YOUR OBJECTIVE — Nothing before the line containing "Etiqueta Diseño original" belongs in the answer; quote that line and all lines after it through the end of the material, word for word.

--------------------------------

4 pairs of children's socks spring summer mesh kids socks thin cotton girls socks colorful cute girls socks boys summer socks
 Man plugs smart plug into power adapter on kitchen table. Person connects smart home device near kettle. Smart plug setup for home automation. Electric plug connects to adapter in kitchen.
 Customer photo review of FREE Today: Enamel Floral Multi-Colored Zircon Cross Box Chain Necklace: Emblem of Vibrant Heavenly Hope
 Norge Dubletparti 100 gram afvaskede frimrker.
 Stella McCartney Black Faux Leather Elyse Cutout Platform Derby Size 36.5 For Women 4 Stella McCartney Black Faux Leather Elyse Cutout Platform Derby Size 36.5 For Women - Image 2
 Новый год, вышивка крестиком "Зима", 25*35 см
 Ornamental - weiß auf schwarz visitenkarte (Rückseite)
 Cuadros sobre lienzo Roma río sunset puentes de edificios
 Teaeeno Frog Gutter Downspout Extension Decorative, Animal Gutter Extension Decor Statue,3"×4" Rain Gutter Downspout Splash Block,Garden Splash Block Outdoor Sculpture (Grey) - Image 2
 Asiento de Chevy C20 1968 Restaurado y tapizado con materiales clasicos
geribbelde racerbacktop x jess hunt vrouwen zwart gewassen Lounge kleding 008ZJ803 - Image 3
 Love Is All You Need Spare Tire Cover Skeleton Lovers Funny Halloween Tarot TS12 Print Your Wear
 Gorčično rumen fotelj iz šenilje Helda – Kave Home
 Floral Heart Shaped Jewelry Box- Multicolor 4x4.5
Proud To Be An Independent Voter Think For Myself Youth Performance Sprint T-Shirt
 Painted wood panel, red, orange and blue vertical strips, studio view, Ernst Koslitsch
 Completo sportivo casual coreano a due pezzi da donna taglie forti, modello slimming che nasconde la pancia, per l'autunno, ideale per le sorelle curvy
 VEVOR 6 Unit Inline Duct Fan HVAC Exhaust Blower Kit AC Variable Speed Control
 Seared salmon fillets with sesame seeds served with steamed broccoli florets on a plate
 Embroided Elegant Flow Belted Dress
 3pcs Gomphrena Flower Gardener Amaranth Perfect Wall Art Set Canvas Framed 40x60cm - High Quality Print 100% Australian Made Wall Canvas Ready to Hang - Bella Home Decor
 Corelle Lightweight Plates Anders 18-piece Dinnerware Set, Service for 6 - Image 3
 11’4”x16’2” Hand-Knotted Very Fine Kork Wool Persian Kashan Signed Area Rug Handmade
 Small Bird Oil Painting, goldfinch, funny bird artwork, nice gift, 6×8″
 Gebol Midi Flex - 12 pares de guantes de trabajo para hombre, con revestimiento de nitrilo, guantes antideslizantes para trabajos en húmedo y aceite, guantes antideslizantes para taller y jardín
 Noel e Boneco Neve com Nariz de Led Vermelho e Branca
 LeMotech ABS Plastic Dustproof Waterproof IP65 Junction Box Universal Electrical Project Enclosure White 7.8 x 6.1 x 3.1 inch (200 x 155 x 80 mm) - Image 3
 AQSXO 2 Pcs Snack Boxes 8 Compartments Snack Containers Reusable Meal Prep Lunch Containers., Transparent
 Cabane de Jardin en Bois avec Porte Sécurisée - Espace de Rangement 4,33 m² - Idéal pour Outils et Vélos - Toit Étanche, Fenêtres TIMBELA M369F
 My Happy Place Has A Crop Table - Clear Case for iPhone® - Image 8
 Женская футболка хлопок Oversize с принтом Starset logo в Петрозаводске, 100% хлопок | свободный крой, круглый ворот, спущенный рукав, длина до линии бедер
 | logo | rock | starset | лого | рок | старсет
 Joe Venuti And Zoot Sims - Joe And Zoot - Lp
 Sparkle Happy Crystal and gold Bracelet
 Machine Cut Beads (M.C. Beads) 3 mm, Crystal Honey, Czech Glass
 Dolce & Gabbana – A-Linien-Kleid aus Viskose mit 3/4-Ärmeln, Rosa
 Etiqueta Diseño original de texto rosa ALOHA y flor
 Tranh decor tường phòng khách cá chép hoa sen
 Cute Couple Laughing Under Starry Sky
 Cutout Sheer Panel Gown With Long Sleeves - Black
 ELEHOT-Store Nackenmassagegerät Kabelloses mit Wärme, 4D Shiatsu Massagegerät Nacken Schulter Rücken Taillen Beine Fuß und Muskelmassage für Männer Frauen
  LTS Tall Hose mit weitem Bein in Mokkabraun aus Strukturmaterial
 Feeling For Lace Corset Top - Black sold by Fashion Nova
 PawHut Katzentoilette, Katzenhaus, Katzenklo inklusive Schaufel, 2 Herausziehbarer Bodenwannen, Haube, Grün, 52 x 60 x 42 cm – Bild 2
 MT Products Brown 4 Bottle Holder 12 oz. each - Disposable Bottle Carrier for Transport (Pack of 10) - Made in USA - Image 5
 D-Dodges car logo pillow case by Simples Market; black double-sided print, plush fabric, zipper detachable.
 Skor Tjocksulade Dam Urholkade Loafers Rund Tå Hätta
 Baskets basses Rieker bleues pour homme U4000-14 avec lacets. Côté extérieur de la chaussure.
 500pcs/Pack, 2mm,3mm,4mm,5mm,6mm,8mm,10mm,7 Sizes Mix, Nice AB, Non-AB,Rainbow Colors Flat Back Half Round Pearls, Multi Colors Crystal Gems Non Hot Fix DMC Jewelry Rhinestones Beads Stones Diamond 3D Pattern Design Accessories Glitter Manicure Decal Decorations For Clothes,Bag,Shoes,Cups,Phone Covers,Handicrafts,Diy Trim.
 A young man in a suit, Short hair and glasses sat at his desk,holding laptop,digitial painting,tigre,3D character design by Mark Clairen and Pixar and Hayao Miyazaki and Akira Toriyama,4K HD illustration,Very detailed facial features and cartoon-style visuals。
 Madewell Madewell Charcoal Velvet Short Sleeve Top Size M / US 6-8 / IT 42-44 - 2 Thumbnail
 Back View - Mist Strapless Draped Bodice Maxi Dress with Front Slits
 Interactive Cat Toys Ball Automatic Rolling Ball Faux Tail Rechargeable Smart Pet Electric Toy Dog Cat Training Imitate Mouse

--------------------------------

ANSWER BELOW —
 Etiqueta Diseño original de texto rosa ALOHA y flor
 Tranh decor tường phòng khách cá chép hoa sen
 Cute Couple Laughing Under Starry Sky
 Cutout Sheer Panel Gown With Long Sleeves - Black
 ELEHOT-Store Nackenmassagegerät Kabelloses mit Wärme, 4D Shiatsu Massagegerät Nacken Schulter Rücken Taillen Beine Fuß und Muskelmassage für Männer Frauen
  LTS Tall Hose mit weitem Bein in Mokkabraun aus Strukturmaterial
 Feeling For Lace Corset Top - Black sold by Fashion Nova
 PawHut Katzentoilette, Katzenhaus, Katzenklo inklusive Schaufel, 2 Herausziehbarer Bodenwannen, Haube, Grün, 52 x 60 x 42 cm – Bild 2
 MT Products Brown 4 Bottle Holder 12 oz. each - Disposable Bottle Carrier for Transport (Pack of 10) - Made in USA - Image 5
 D-Dodges car logo pillow case by Simples Market; black double-sided print, plush fabric, zipper detachable.
 Skor Tjocksulade Dam Urholkade Loafers Rund Tå Hätta
 Baskets basses Rieker bleues pour homme U4000-14 avec lacets. Côté extérieur de la chaussure.
 500pcs/Pack, 2mm,3mm,4mm,5mm,6mm,8mm,10mm,7 Sizes Mix, Nice AB, Non-AB,Rainbow Colors Flat Back Half Round Pearls, Multi Colors Crystal Gems Non Hot Fix DMC Jewelry Rhinestones Beads Stones Diamond 3D Pattern Design Accessories Glitter Manicure Decal Decorations For Clothes,Bag,Shoes,Cups,Phone Covers,Handicrafts,Diy Trim.
 A young man in a suit, Short hair and glasses sat at his desk,holding laptop,digitial painting,tigre,3D character design by Mark Clairen and Pixar and Hayao Miyazaki and Akira Toriyama,4K HD illustration,Very detailed facial features and cartoon-style visuals。
 Madewell Madewell Charcoal Velvet Short Sleeve Top Size M / US 6-8 / IT 42-44 - 2 Thumbnail
 Back View - Mist Strapless Draped Bodice Maxi Dress with Front Slits
 Interactive Cat Toys Ball Automatic Rolling Ball Faux Tail Rechargeable Smart Pet Electric Toy Dog Cat Training Imitate Mouse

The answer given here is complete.